At the shows, you never know who you might encounter. Martha Stewart, Joan Rivers, Ivana Trump, Kelly Osbourne, countless reality TV personalities and Ms. Wintour herself have dotted the front rows of some shows I've attended. Once I was in my seat when a petite young woman with long dirty blond hair approached me.
"You're sitting in my seat," she said.
I rummaged through my overfilled, oversized carry-all and pulled out my crumbled receipt-like ticket, evidence I was in my assigned spot. She held hers next to mine.
"Looks like we have the same seat number," I said, puzzled by the mistake. The woman looked closer.
"Look! We have the same name," she said.
We laughed. Unlike the Smiths, Jones and Johnsons of the world, our long German surname isn't common in America. She was a fashion photographer from overseas, and "Bauknecht" was her married name. We spelled "Sara" the same way, too. The mix-up continued throughout the week, and my doppelganger and I had to share our story several times with ushers so we could score our own seats.
Because of blogs and social media, a fashion writer's role knows little rest during Fashion Week. Shows run from sun-up to sundown, and the breaks between them are spent tweeting about top trends, posting a picture of a celebrity sighting to a blog or filing a story for the next day's newspaper. It can be draining -- physically and electronically.
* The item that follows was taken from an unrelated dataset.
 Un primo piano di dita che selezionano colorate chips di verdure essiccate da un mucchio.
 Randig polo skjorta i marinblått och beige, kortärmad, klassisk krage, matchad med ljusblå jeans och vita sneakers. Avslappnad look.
To assist with the latter, tables with rows and rows of outlets are set up inside the tents, but finding a spot at one is like landing an invite to Michael Kors' runway show -- nearly impossible. I've entertained myself over the years by coming up with creative places to charge my phone on the go. My personal favorite: the vacuum testing section of a Bed Bath & Beyond in Chelsea. I entered and heard the "vroom, vroom" of the vacuums and thought: There's got to be an outlet around here some place!
Staying stocked with food is equally trying, as the days' schedules leave little time for eating anything that requires silverware. Among fashion journalists, this predicament has been affectionately dubbed "the Fashion Week diet." New York Times writer Eric Wilson did a piece on it earlier this year, revealing that he once ate "a dusty lozenge discovered on the bottom of a colleague's bag" for lunch and "was grateful for it."
I'm still grateful to the Loehmann's department store in Chelsea for the platter of finger sandwiches on hand at its Fashion's Night Out festivities a couple of years ago. I sat on the floor in the corner of the women's department savoring a handful of them like they were a Thanksgiving meal (with my phone plugged into the nearest outlet, of course).
After another 9-to-9 marathon day of fashion, I always look forward to stepping outside the tents and seeing another beauty -- the city sky. Sometimes I stand in the middle of the Lincoln Center plaza near the fountain and inhale deeply. The aroma of the Manhattan air is a mélange of asphalt, cab fumes and entrees from nearby eateries, and in those moments it smells luxurious. I feel alive, ready to face another day of the ordinary and extraordinary.
Thank you New York -- and thank you fashion -- for five seasons' worth of these moments to experience and to share. And thank you, Pittsburgh, for listening.